Well...this movie has a weird taboo to it because of it's sexual nature. And while it's never explicit in the showing, there's some situations that would make the prude a bit uncomfortable. Sure you have the young French lead showing some of that gigantic 70s bush from time to time, but what we're dealing with here is a French arthouse movie (it supposedly takes place in Paris, hence the title) that wraps anonymity, sexual fantasy, and blasé facades into a pretty sad (as in remorseful, not lame) kind of story.

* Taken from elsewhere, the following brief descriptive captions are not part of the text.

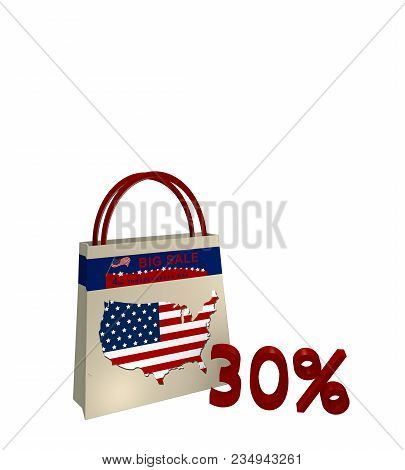 Shopping Bag With Sale Advertisement For Independence Day A Map Detail Of Usa And Text 30%, 3d Rende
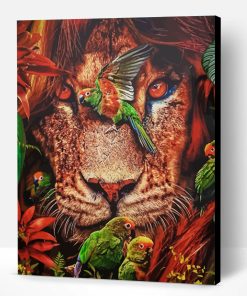 Lion And Parrots Paint By Number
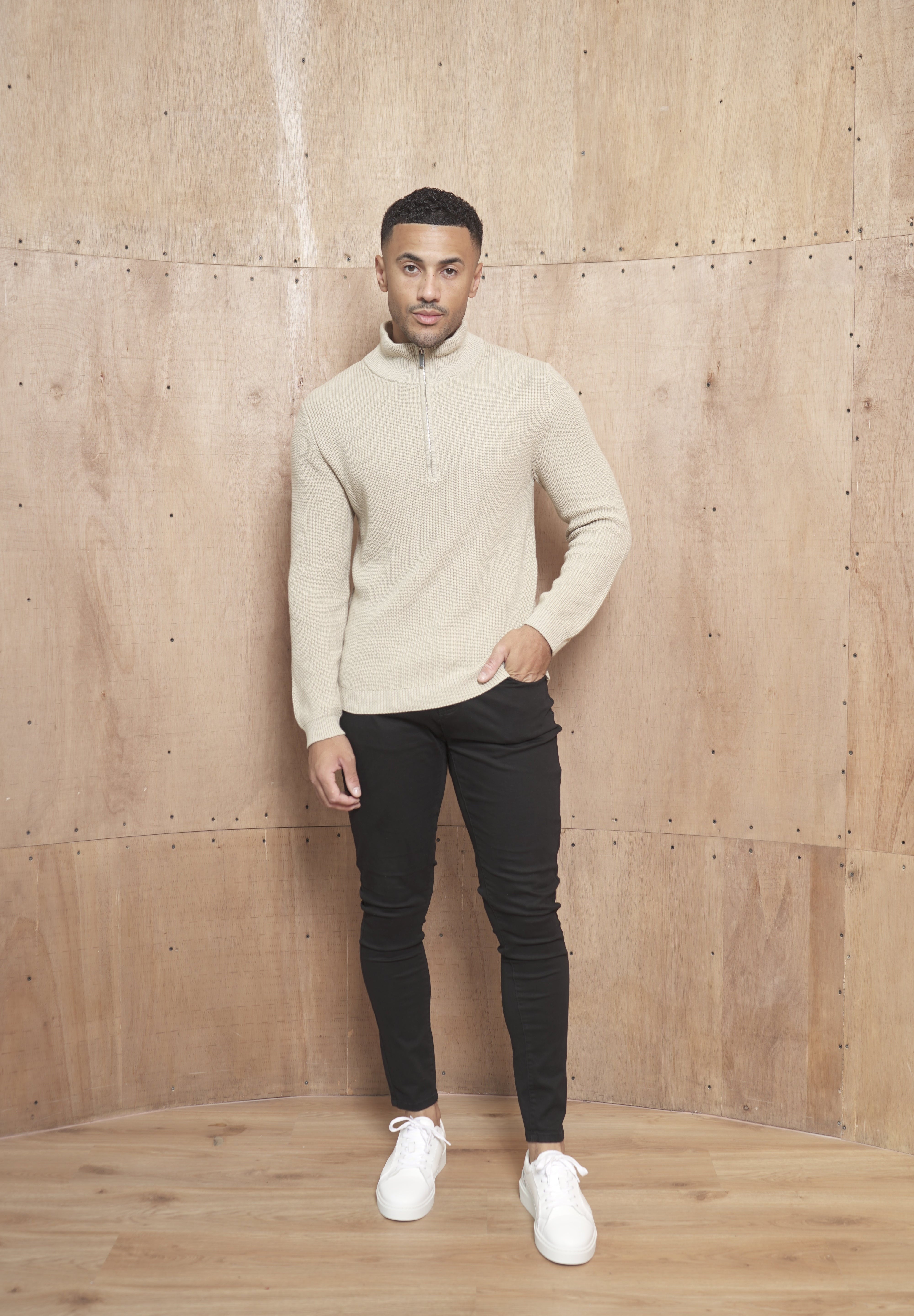 Capo Ribbed 1/4 Zip Jumper - Stone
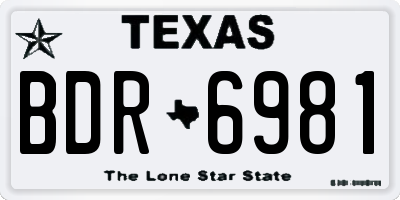 TX license plate BDR6981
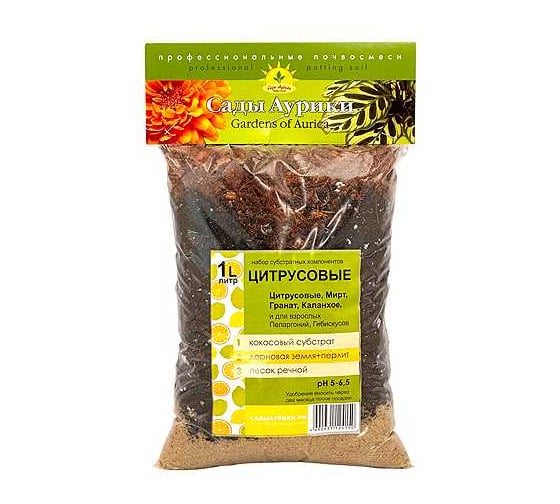 Изображение товара Субстрат Сады Аурики Цитрусовые, 1 л, фасовка 4 шт 073038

An available flat for rent in Paris attracts two interested people simultaneously. One is an older American "gentleman" who seems to have some issues, and the other a young Parisian actress/model who's looking for a flat away from home. They form a bond of a strictly anonymous and physical nature. As much as it seems to work for them, reality slowly comes creeping in, and their little haven of escape doesn't have much chance in lasting.

Brando's aging, somewhat crass character has a great line. When she asks him what they are doing, he says, "Well... let's just say we're taking a flying fuck at a rolling donut." Crude and vulgar, but not only is it a great fucking line, it really describes his outlook on life as he now knows it. His mental state of mind doesn't allow him much more beyond this as his reality seems to be pretty much shot, and little else will give him comfort. While the story drags a bit too long, Brando delivers a good performance as the isolated, jaded point of view on life. Go figure. It's kinda strange to think why the French girl Jeanne would keep coming back to this arrangement, but considering her flaky filmmaking fiance and lack of any other real interests, I guess there's motivation enough. Maybe. And a love of butter, apparently. The score can be a bit overbearing at times in its 70s art-nouveau/porno kind of way.

Great Scene: The last tango, with its implications, is played out perfectly. And Brando's little monologue about him growing up. Perfect stilted yet powerful delivery.

DVD Notes: The transfer can be a little hacked at times from Columbia/Tri-Star that also includes a trailer comprising of stills from the movie and some of the cheezy 70s sax score, and subtitles.